No pictures belong in the result; set down exactly the lines from the one containing "Porsche Macan 2.9 GTS 95B 2023 — фото 10" through the final line of the listing, and nothing more.

Supplied material section start

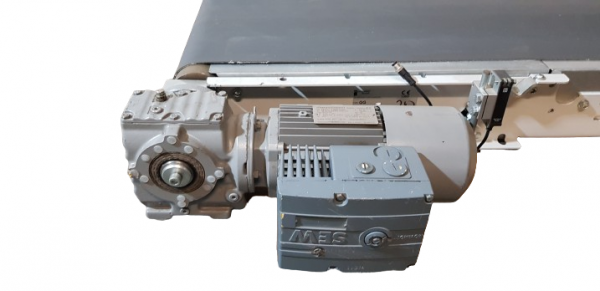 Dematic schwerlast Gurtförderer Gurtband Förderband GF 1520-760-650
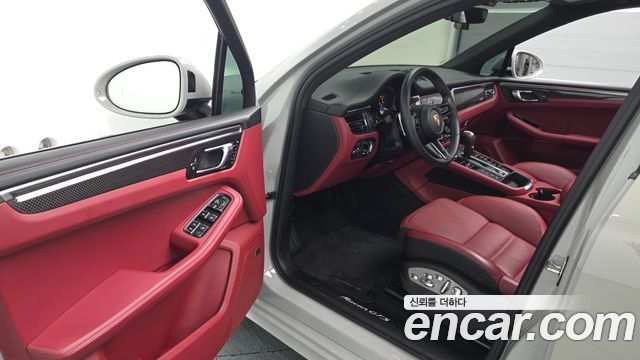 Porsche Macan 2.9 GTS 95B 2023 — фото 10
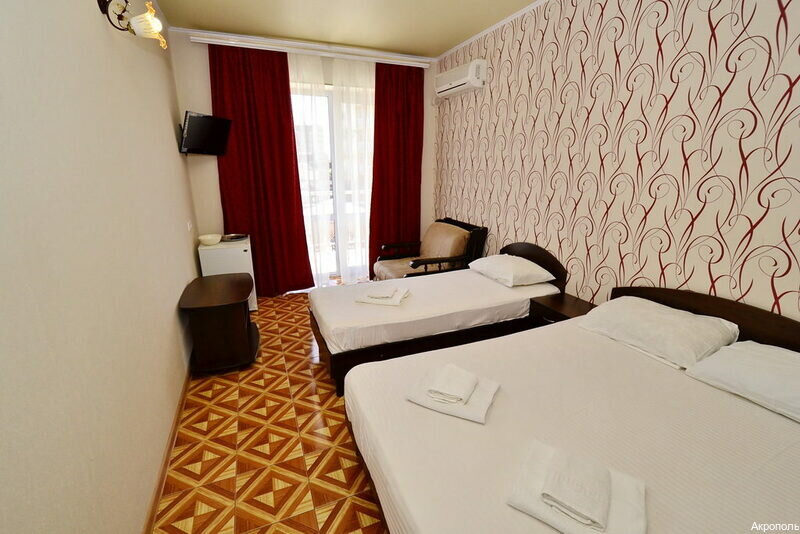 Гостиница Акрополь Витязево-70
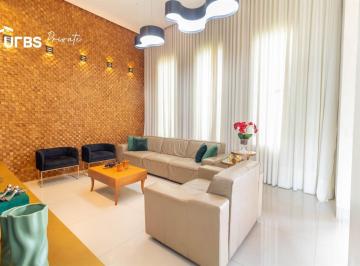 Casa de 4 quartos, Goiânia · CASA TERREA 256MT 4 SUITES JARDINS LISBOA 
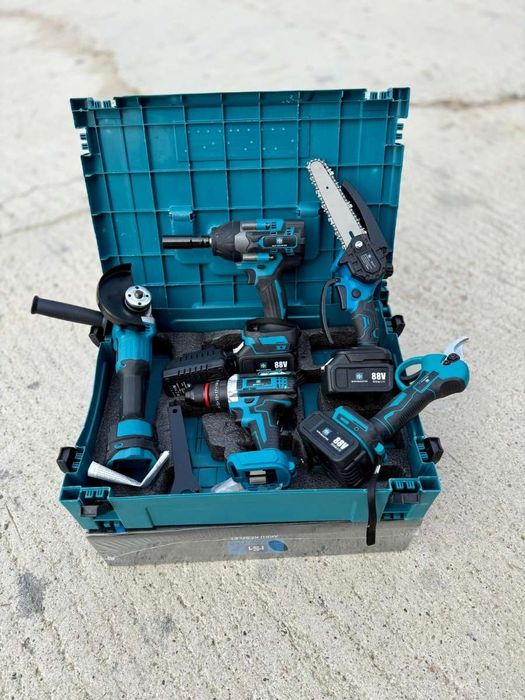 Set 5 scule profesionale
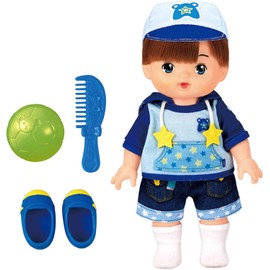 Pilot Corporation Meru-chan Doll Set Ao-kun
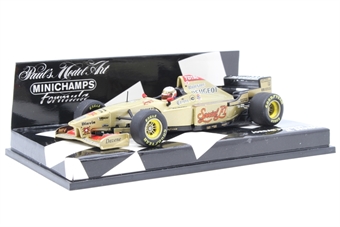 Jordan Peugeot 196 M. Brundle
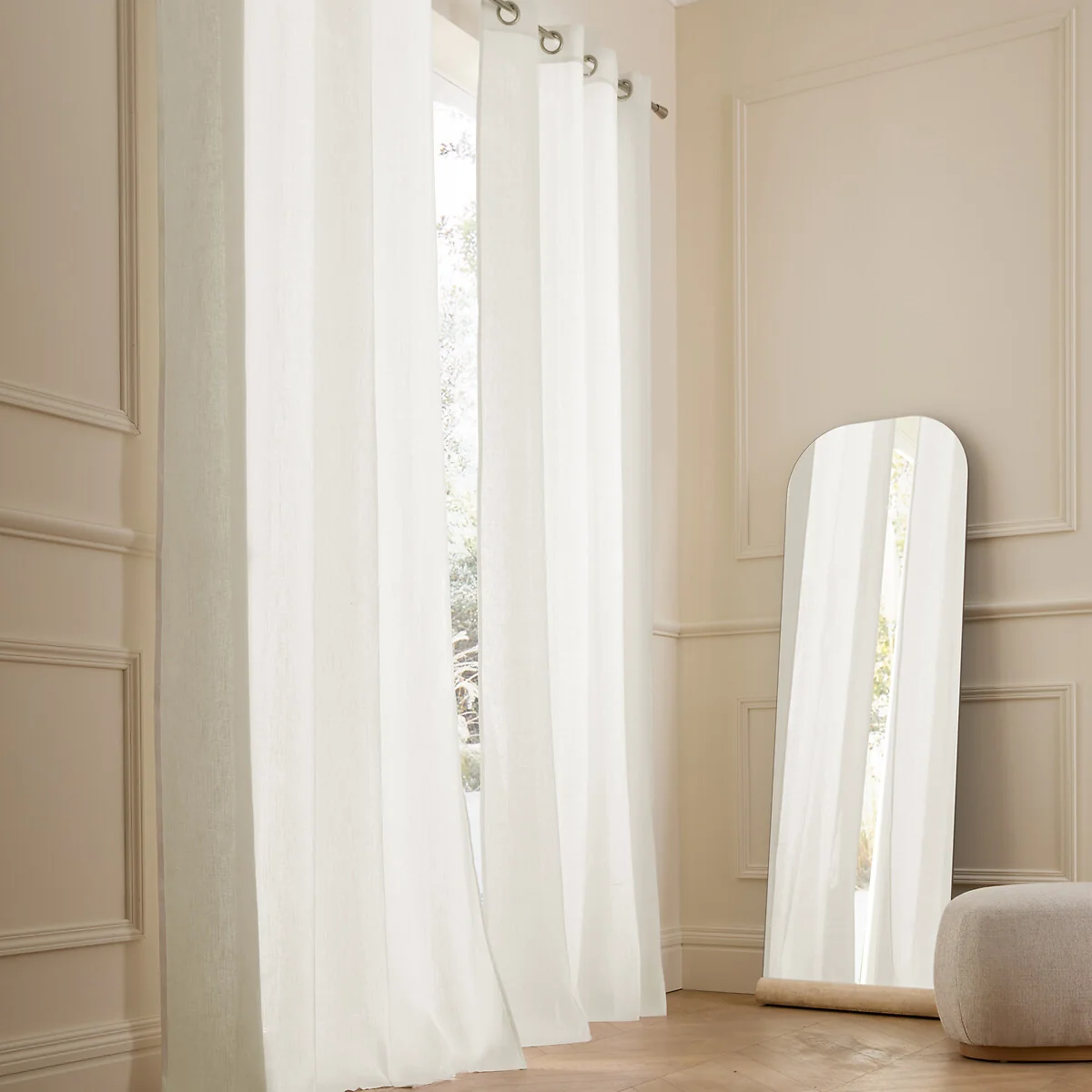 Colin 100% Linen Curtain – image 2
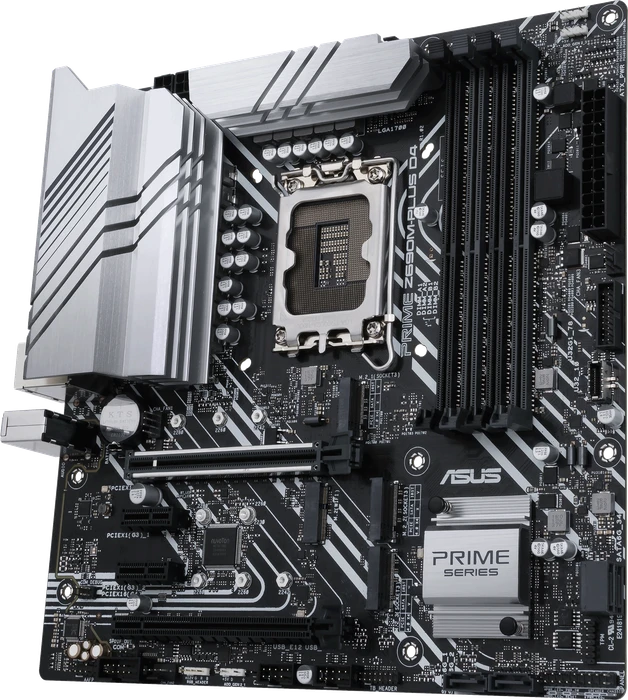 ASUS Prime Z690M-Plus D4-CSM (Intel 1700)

Supplied material section end

== Expected answer ==
 Porsche Macan 2.9 GTS 95B 2023 — фото 10
 Гостиница Акрополь Витязево-70
 Casa de 4 quartos, Goiânia · CASA TERREA 256MT 4 SUITES JARDINS LISBOA 
 Set 5 scule profesionale
 Pilot Corporation Meru-chan Doll Set Ao-kun
 Jordan Peugeot 196 M. Brundle
 Colin 100% Linen Curtain – image 2
 ASUS Prime Z690M-Plus D4-CSM (Intel 1700)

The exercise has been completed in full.